When you say “continue to the next statement after the while loop body”, you mean the increment variable, and not the print?
The increment variable statement (current_number += 1) is part of the while loop body, not the print statement.
Suppose you worked in a warehouse. Your boss told you to take inventory of all of the parts of a ‘A’ type that are currently available on hand. Once you’ve completed this task, move on to packaging parts of type `B’. So, you will not get to the 2nd task until the first task has been completed. This is in essence what I meant. After the while loop task has been completed, you can continue on to the next task. In your code, you did not state explicitly via code what the next thing to do was. What ever it is, continue to that.
I understand what you’re saying when starting with current number = 5 instead of 1, however, when the value starts off at 1 in the original formula and the increment is placed before the print function, why isn’t the values returned just 2,3,4,5 instead of 2,3,4,5,6? I understand 1 being incremented to 2, but the condition says to terminate after 5.
I understand that, but I’m trying to figure out why if the increment variable is placed before print, the values returned goes from 2-6 instead of 2-5.
Statements are executed one after the other. A while loop as a whole executes a small group of statements repeated, until its condition is false. Within the loop, the statements are still executed one after the other.
Let’s rewrite the while loop with a hypothetical goto command. (This will be similar to how a loop is implemented in low-level code, like assembly language.) We’ll number the lines for ease of reference; the line numbers are not part of our hypothetical code.
1 current_number = 1
2 START: if not (current_number <= 5):
3 goto END
4 print(current_number)
5 current_number += 1
6 goto START
7 END ...
Tracing the execution of this code, we’ll see the following lines executed, in this order (with some comments):
1 # initialize current_number to 1
2 # first iteration
4 # output 1
5
6
2 # second iteration
4 # output 2
5
6
2 # third iteration
4 # output 3
5
6
2 # fourth iteration
4 # output 4
5
6
2 # fifth iteration
4 # output 5
5
6
2 # fifth iteration: current_value is now 6
3 # the comparison finally failed
7 # current_value == 6, but we didn't *print* this value.
If you were to swap lines 4 and 5, then you would see 2,3,4,5,6 instead of 1,2,3,4,5 as output, because you incremented each number after verifying it was less than 6 but before you printed the less-than-6 value.
The while loop gets rid of the need for (this use of) goto.

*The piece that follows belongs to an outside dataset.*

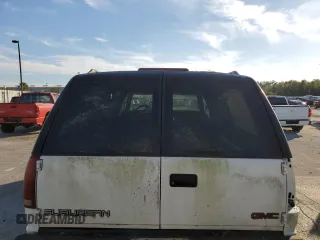 1999 GMC Suburban z VIN 3GKFK16RXXG503321, wystawiony jako Copart lot #77568614 z przebiegiem Nie podano mil oraz Tytuł czysty. Historia ofert i sprzedaży dostępna na DreamBid. Obrazek 6.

It’s basically combines the if statement and the two goto statements into a single piece of code that restricts where control goes next. You can no longer jump to an arbitrary line of code; you can only jump to the statement after the loop or back to the beginning of the loop.
current_number = 1
while current_number <= 5: # if not (current_number <= 5): goto END
print(current_number)
current_number += 1
# goto START is implicit
...
You seem to think that this immediately triggers an escape. It doesn’t. It just eventually makes current_number large enough that the next time the while-condition is evaluated, the condition is false and the loop body isn’t entered again. But that only happens after the current execution of the loop body has completed.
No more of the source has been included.